• INSTRUCTIONS FOR THE TASK
Would you transcribe exactly the lines from the beginning of the records below through the line with "Slide: The Image", both included, omitting the pictures?

(Short descriptive text snippets)
::::

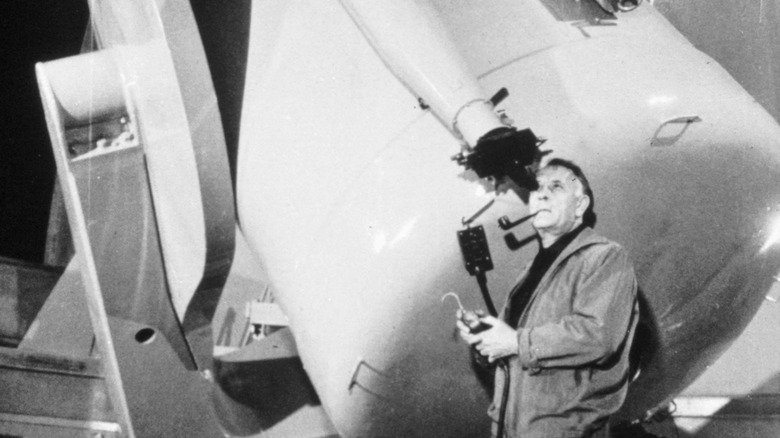 Edwin Hubble looking through telescope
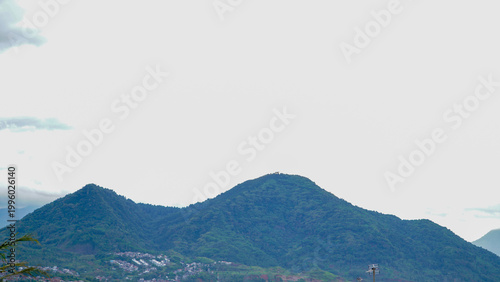 A serene rural landscape featuring a lush green mountain under a bright sky, with farmland in the foreground and scattered trees across the countryside.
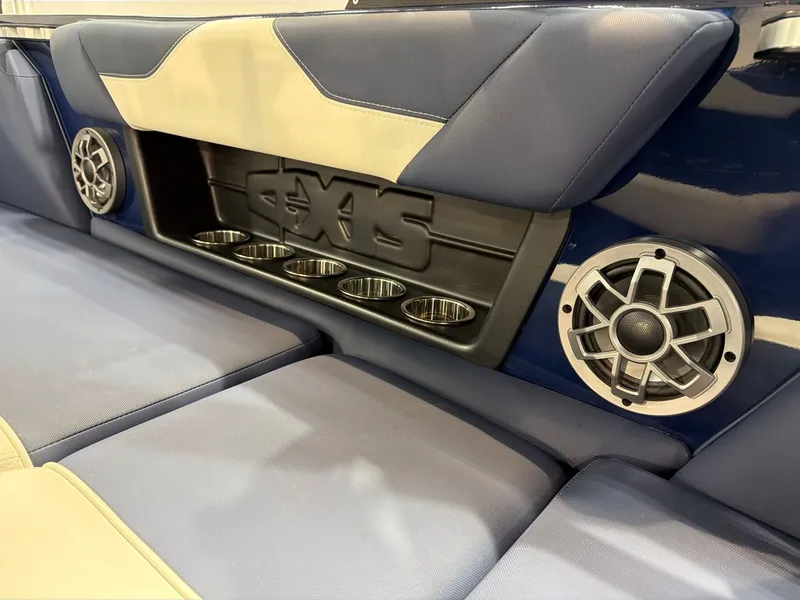 Slide: The Image of Interior of Axis A22 boat with speakers and cup holders. - 11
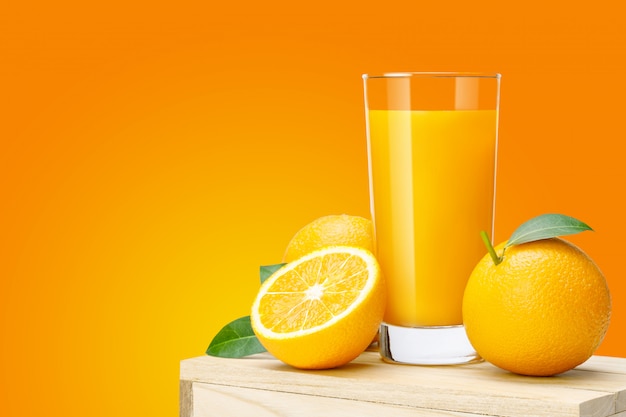 Glass of fresh orange juice on wooden box, Fresh fruits Orange juice in glass with group on orange color background with copy Space for your text.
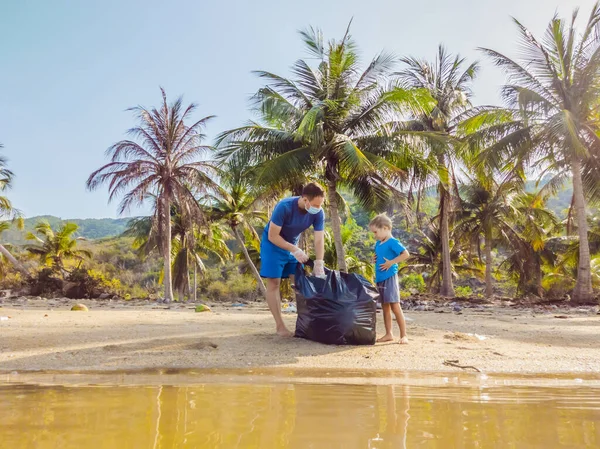Aktivis keluarga muda yang bahagia mengumpulkan sampah plastik di pantai. Ayah dan anak sukarela membersihkan sampah. Masalah polusi lingkungan. Rekreasi gaya hidup luar ruangan. Pendidikan alami anak-anak — Stok Foto
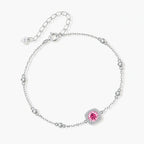 Elegant sterling silver chain bracelet featuring pink moissanite center stone in cushion halo setting with adjustable clasp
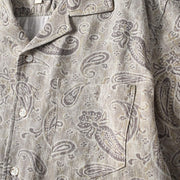 Chest pocket detail on men’s paisley Cuban collar shirt featuring vintage paisley print design.
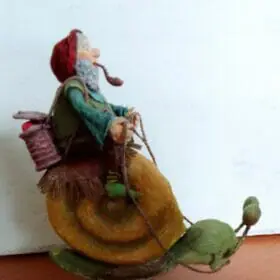 Bearded gnome rides on a snail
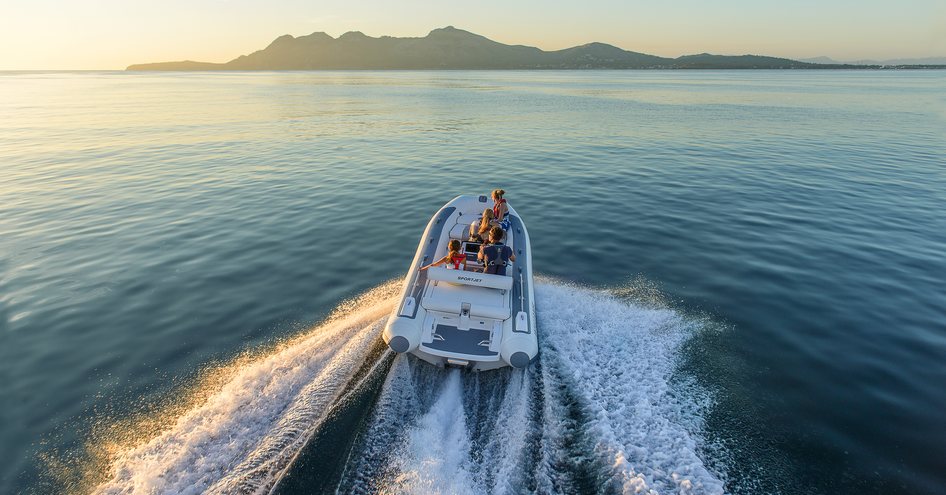 View from behind of a jet tender at sunset heading towards hilly coastline in distance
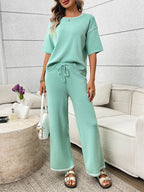 Women's casual two-piece lounge set with round neck top and drawstring pants from Trendsi, comfortable and stylish for relaxed wear.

::::

• TASK OUTPUT
 Edwin Hubble looking through telescope
 A serene rural landscape featuring a lush green mountain under a bright sky, with farmland in the foreground and scattered trees across the countryside.
 Slide: The Image of Interior of Axis A22 boat with speakers and cup holders. - 11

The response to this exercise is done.